The STEM Skills Gap Is Only as Real as the Purple Unicorn - kevindeasis
http://techcrunch.com/2015/12/04/the-stem-skills-gap-is-only-as-real-as-the-purple-unicorn/
======
hwstar
"Either these companies are alright with the job remaining unfilled, or they
are looking for something that doesn’t exist."

I've come the the conclusion that most employers are not _serious_ about
hiring anybody in a specific manner. They are looking for someone who is
extremely strong technically and also cheap enough to fill a position which
they can create on-the-fly. In other words, they are continually fishing with
bait which is disgusting to 99% of the fish, and only want the rare
exceptional fish who finds the bait tasty to take it.

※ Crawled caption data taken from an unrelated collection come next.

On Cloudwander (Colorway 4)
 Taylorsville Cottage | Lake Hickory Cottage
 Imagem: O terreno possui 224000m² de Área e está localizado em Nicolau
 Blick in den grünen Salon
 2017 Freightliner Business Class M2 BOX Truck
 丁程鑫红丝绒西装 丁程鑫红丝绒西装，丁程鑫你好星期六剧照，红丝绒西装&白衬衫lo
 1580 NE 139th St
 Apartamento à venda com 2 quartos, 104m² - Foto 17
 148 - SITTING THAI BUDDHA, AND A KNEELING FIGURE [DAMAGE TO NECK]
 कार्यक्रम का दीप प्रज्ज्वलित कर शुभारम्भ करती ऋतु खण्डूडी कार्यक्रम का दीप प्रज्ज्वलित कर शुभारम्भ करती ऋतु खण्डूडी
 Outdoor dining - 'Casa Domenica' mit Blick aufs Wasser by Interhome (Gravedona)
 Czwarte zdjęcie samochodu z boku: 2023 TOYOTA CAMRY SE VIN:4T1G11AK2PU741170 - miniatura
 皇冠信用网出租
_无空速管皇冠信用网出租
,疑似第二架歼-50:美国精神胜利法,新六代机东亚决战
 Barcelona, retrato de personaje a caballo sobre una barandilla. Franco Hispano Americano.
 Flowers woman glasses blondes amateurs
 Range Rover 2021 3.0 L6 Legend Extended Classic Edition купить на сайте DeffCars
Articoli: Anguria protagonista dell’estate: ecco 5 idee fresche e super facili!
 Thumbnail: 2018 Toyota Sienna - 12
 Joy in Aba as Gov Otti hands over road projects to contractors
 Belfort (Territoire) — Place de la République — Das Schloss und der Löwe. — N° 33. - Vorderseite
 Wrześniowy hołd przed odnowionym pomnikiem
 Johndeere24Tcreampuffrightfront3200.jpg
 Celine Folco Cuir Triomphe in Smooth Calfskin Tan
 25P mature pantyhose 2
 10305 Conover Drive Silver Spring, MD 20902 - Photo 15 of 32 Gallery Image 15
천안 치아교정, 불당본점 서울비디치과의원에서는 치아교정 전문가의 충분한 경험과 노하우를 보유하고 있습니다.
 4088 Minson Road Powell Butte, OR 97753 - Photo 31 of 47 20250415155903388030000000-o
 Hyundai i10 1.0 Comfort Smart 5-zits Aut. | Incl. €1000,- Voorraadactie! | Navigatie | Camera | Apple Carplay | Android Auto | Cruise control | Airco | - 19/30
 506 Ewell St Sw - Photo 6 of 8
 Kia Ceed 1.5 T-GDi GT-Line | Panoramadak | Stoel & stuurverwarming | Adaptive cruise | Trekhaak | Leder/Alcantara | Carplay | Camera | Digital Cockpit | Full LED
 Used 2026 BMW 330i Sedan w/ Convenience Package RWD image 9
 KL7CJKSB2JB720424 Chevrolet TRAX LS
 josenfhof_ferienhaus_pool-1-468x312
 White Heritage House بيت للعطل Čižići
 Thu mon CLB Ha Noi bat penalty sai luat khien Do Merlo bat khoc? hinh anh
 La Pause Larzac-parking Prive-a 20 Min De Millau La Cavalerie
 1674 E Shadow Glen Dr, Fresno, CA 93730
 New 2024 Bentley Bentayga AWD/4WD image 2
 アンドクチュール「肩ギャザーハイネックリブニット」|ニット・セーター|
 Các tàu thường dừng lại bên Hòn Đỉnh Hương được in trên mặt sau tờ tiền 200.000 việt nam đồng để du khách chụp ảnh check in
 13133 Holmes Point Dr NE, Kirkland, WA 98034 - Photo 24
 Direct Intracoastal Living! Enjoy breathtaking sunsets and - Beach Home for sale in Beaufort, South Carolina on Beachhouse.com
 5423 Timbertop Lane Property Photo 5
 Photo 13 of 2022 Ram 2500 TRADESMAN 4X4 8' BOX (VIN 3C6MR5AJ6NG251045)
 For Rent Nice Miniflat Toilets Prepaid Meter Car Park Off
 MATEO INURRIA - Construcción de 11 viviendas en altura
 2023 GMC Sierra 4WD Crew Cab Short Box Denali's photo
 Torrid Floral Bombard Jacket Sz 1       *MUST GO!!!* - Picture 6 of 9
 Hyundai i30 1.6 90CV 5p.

If someone is made of 100% unobtainium then they'll create a position and hire
that person (with H-1B restrictions or a non-compete to restrict them from
leaving in the future).

With the glut of talent available worldwide, I don't see this changing anytime
soon.

------
lwhalen
Every time I see an article about 'oh noes, STEM jobs aren't being filled!', I
can't help but add '...at the paltry salary we're willing to pay'. I've had a
series of job interviews lately where it was obvious I was more than qualified
- senior sysadmin, devops engineer, what have you - but the salary on offer
was junior wages at best. Even after showing them the Puppet labs 2015 salary
report, the response was still 'we'd rather hold out for someone cheaper'.
Companies, if you're having trouble filling a role, up your salary budget and
_make it known_. If it's a truly competitive salary, the world will beat a
path to your door with exceptional candidates.